▶ _PROBLEM_:
The expected output is the exact lines from the one containing "How to apply" through the end of the data, inclusive, and nothing else.

___ MATERIAL FOR THIS TASK ___

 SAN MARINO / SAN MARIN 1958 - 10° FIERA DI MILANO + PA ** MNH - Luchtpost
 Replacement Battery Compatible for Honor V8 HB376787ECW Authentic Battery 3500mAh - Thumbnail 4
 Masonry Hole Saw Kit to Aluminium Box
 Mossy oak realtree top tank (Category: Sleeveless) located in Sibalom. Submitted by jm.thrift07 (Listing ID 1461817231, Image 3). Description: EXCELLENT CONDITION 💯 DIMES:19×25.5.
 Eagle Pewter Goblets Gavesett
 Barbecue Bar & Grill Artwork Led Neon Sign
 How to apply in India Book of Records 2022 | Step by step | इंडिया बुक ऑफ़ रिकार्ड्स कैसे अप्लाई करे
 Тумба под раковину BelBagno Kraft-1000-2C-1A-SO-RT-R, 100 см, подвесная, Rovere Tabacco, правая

___

▶ _RESULT OF THE EXERCISE_:
 How to apply in India Book of Records 2022 | Step by step | इंडिया बुक ऑफ़ रिकार्ड्स कैसे अप्लाई करे
 Тумба под раковину BelBagno Kraft-1000-2C-1A-SO-RT-R, 100 см, подвесная, Rovere Tabacco, правая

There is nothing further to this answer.